J&J Cuts Ribbon on Boston Innovation Center, Touts Startup Deals
Johnson & Johnson has officially set up shop in Kendall Square.
Today is the day that Johnson & Johnson (NYSE: JNJ) cuts the ribbon on its Boston Innovation Center, the latest step in a broad initiative by the New Brunswick, NJ-based drug giant to help drive biotech innovation in certain life sciences hotspots around the globe—and strike deals to fatten up its pipeline.
Within the past three months, J&J has opened similar innovation centers in London and Menlo Park, CA, and plans to christen a fourth in Shanghai, China, as well.

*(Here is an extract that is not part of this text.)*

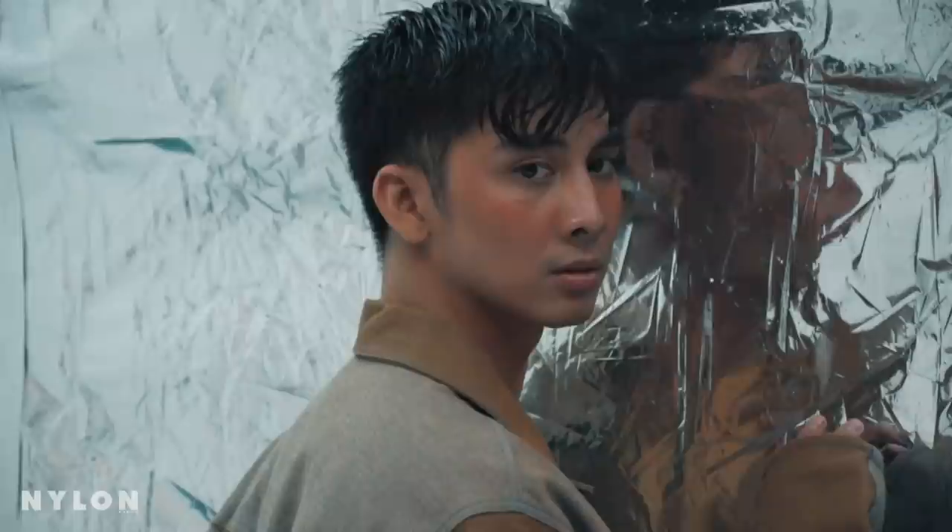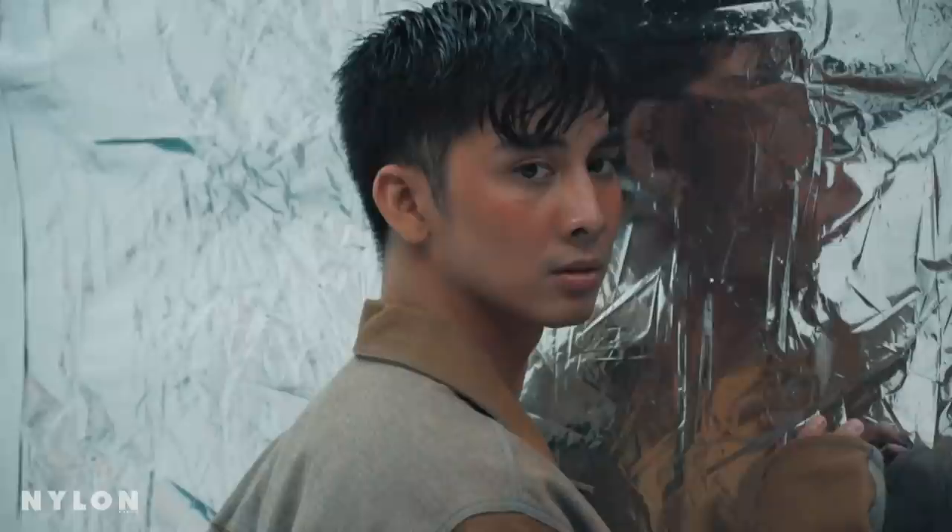For the last look, the wet look, it was actually not planned. I just thought of doing a really super duper wet look for both of them, but still having that runway feel and editorial feel towards the hairstyle.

“Boston is essentially a carbon copy of Menlo Park and London, and will similarly be designed in Shanghai,” says Robert Urban, the former executive director of the Koch Institute for Integrative Cancer Research at MIT, and the head of the new Boston center.
While the model is the same as the other sites, J&J’s Boston Innovation Center represents the first significant move the 127-year-old pharmaceutical company has made to put itself in the trenches in Cambridge. And J&J is opening it up with a bang, announcing partnerships with a research center (Icahn School of Medicine at Mount Sinai in New York), two local startup biotech companies (Rodin Therapeutics and Vedanta Biosciences), and a non-profit organization (LabCentral), showing the breadth of exactly what it hopes to achieve.

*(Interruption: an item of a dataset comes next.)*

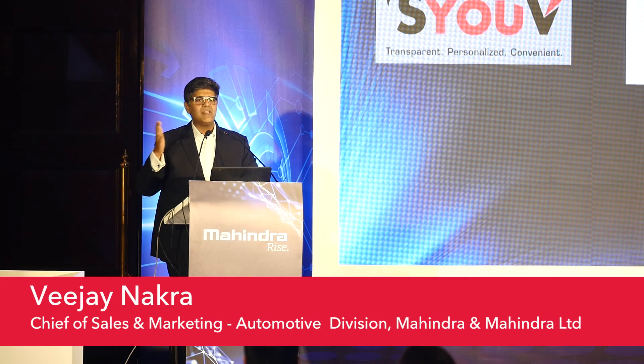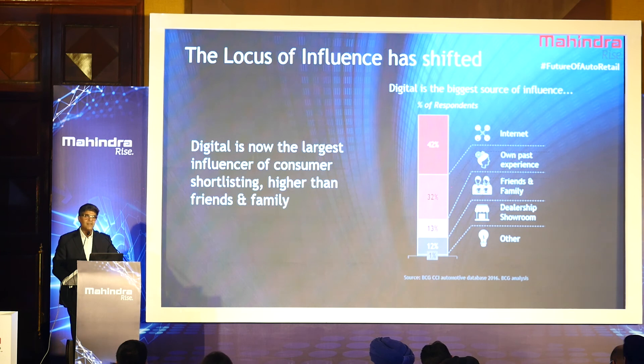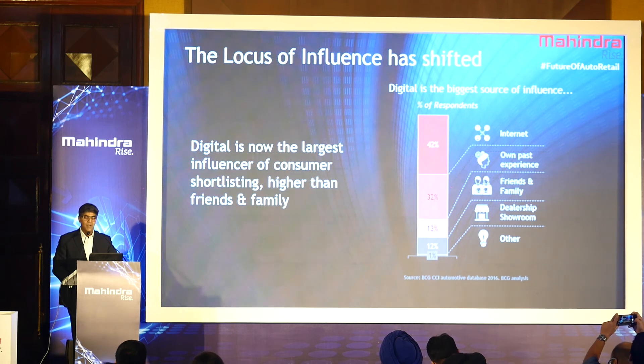We are talking about a host of things that integrate together towards creating a digital story, a digital experience for our customers. 42% of the respondents look at the digital space in decision making when they come to buy a product.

“We are really on our way to taking off in Boston,” says Urban (pictured).
The Boston Innovation Center is designed to not only help local startup biotechs, medical device makers, and diagnostics companies get off the ground, but also give J&J an outlet to form a variety of early-stage partnerships, investments, and other deals that can ultimately help fill its pipeline down the road.
It will be staffed, generally speaking, with three types of groups: a team of J&J scientists that will work with local entrepreneurs, researchers, and startups to develop their ideas and assess how J&J could best help them move forward; a VC group backed by J&J’s considerable financial muscle that will help seed companies or contribute in more advanced funding rounds; and a business transaction team to help hammer out partnerships and collaborations, according to J&J research and development chief Paul Stoffels.
“We hope to make it simply much easier for innovators anywhere to begin to understand there is a mechanism by which [they] can collaborate with J&J,” Urban says.